Cody Belgard was shot in the back and killed by police in west Salt Lake City just over a week ago, and his family is still grappling with the basic questions surrounding his death.

Why did the officer shoot? Why were the family not allowed to see Belgard’s body for days after he was killed? Why didn’t police interview witnesses at the scene? Was there body camera footage, and when can they see it? What kind of confrontation can a person be having with someone else if their back is turned?

“We want answers to all those questions,” longtime family friend Marvin Oliveros told supporters Saturday at a rally to remember his friend. “And today, a week later, we have answers to none of them from the police department.”

Family and friends have sought information themselves. They’ve listened to the 911 scanner from that night. They’ve talked to a witness and others who were nearby. They’ve observed the gunshot wounds in Belgard’s back, and tried to interpret statements from police about why they were pursuing Belgard that Saturday night. Little by little, they’ve pieced together a series of events, even if they don’t know exactly what happened in the seconds before Belgard was killed.

But of all the questions they have, there’s one they may never understand, even when they get answers: Why Cody?

Belgard was a teddy bear, Oliveros said. The 30-year-old wasn’t quick to anger. He was quiet, and as a musician in the Glendale community, known as See Smoke, he used rhymes and raps to express himself. He was the type of person who knew life was precious, his sister Sena Belgard said, and so he never missed the chance to give a loved one a hug.

“He just wasn’t violent. He didn’t ever want to hurt anything,” said Sena Belgard. Cody Belgard died Nov. 9 after being shot by police near 800 North and Sir Philip Drive.
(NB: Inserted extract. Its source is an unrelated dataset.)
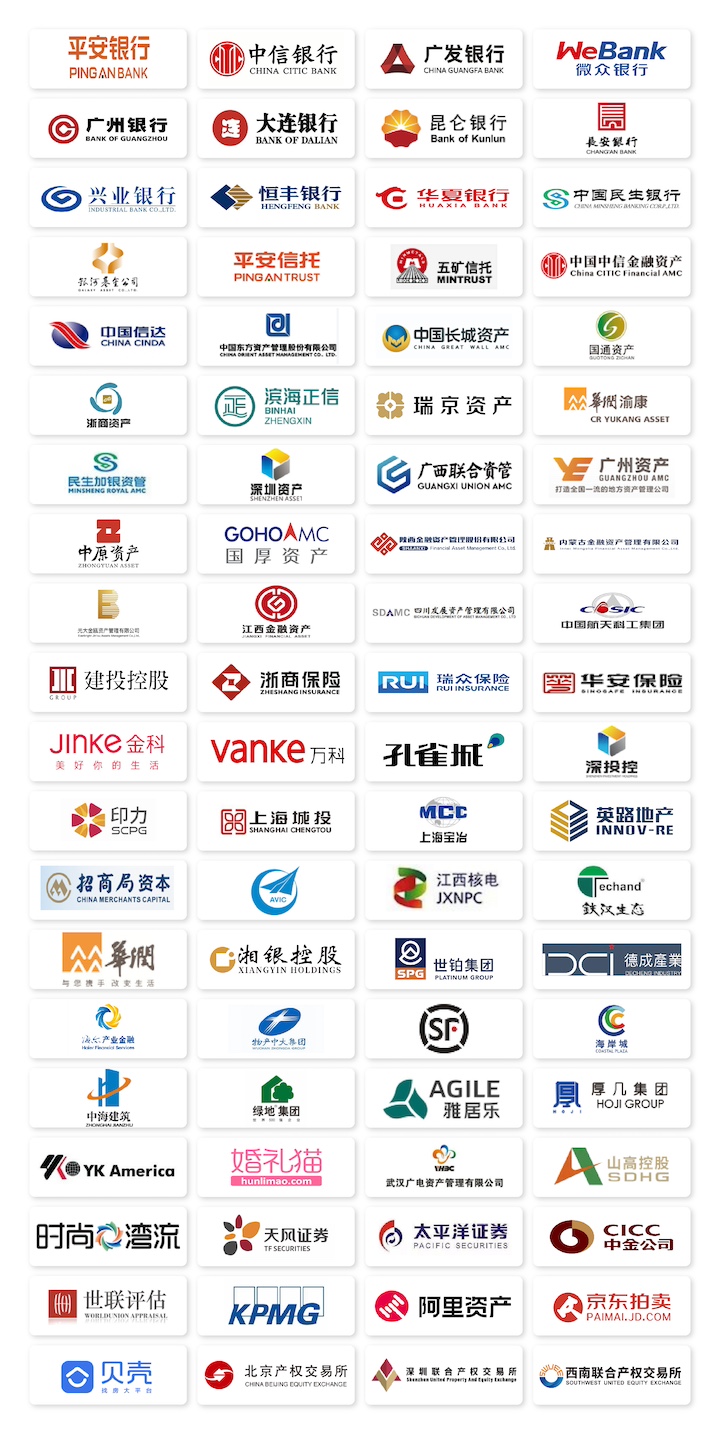 資產界-合作機構- logo展示.jpg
Salt Lake City police have said Belgard drove at officers and “rammed” a police car when he and his girlfriend fled police who approached him in a Sugar House parking lot earlier that night. When officers found Belgard later in Rose Park, police wrote, he was “noncompliant.”

“Due to his actions shots were fired,” police wrote in a statement this week.

But Sena Belgard said her family received an autopsy summary that reported her brother died from two gunshots to his back. Police have released no information about what transpired before the shooting.

Utah Against Police Brutality, Rose Park Brown Berets and the Belgard family planned the 1 p.m. rally Saturday at the police station in Rose Park to demand more information about the fatal shooting, including body camera footage.

About 50 people attended, standing in a shower of light raindrops as family, friends and activists against police shootings spoke between intermittent chants of “Justice for Cody!"

How do you have an altercation with somebody when their back is turned? It makes no sense," Sena Belgard told the crowd. "Nobody, not even a police officer, has the right to take somebody’s life if their own life is not in danger, and I know for a fact that whoever shot my brother, his life was not in danger.”

Witness Nomi Armijo told The Salt Lake Tribune that Cody Belgard appeared to be going to her home just before he was shot. Armijo said she was parked in a car with her boyfriend and sleeping toddler outside her home, near the scene of the shooting, when she noticed Belgard walking toward her house. Belgard was her older brother’s best friend, Armijo said, and had been visiting frequently to record music with him.

As Belgard reached her home, Armijo said, an officer slowly approached in a K-9 truck. Belgard turned and walked to the backyard, and the officer blocked Armijo’s car, got out and knocked on her car window, she said. He had a flashlight and a gun and ordered Armijo and her boyfriend to roll down the window, Armijo said.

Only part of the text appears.